- **Exercise description**: Print nothing except the lines of the listing below from the line with "Chelsea boots marron" to the line with "Primary Photo - 8811 Carousel Ln", each exactly as written, both ends included.

- **Data in this exercise**:
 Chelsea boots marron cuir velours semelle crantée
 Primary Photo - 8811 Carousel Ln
---
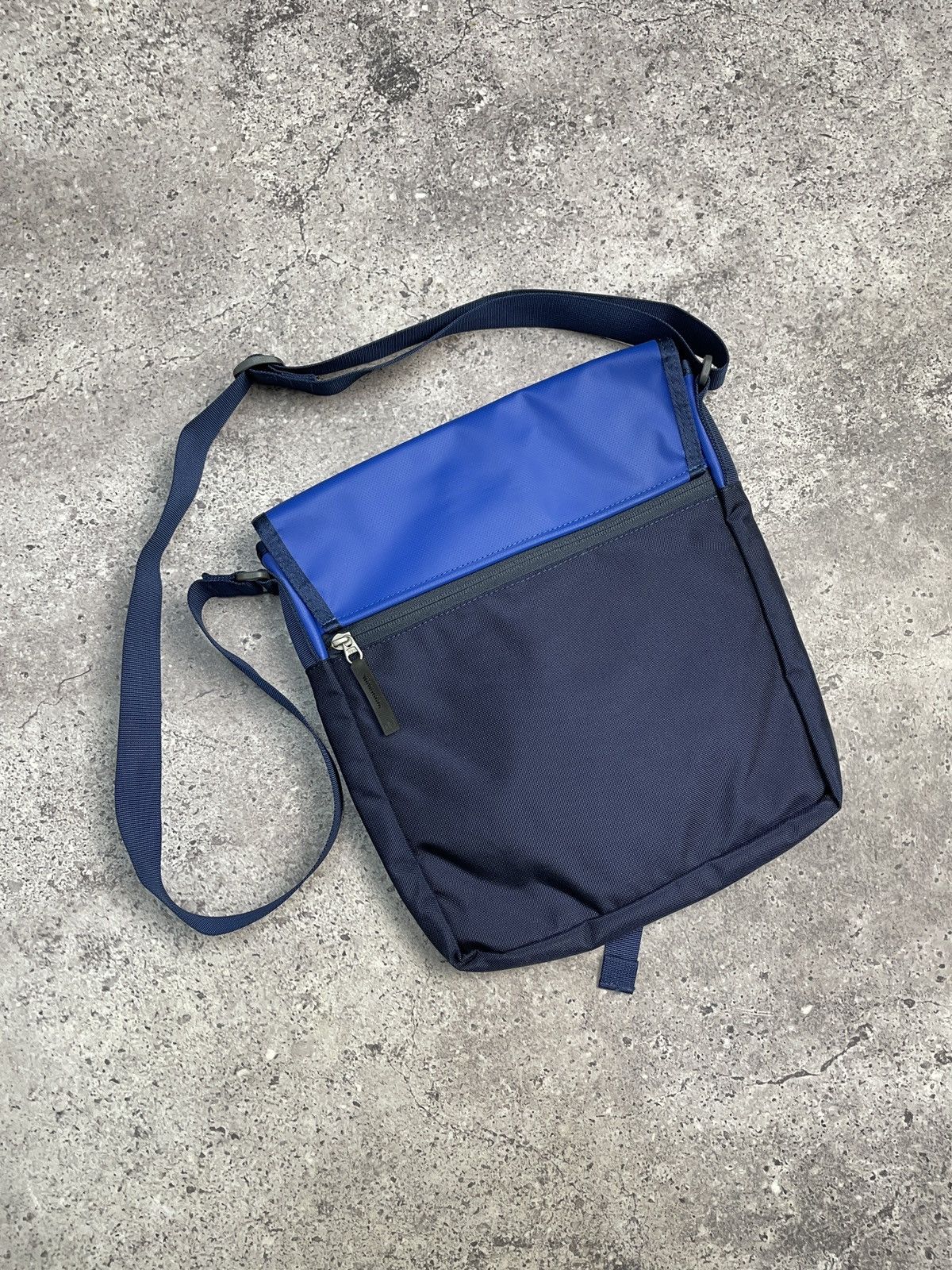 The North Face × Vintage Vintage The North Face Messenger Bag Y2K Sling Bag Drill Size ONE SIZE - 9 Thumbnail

- **Written answer**:
 Chelsea boots marron cuir velours semelle crantée
 Primary Photo - 8811 Carousel Ln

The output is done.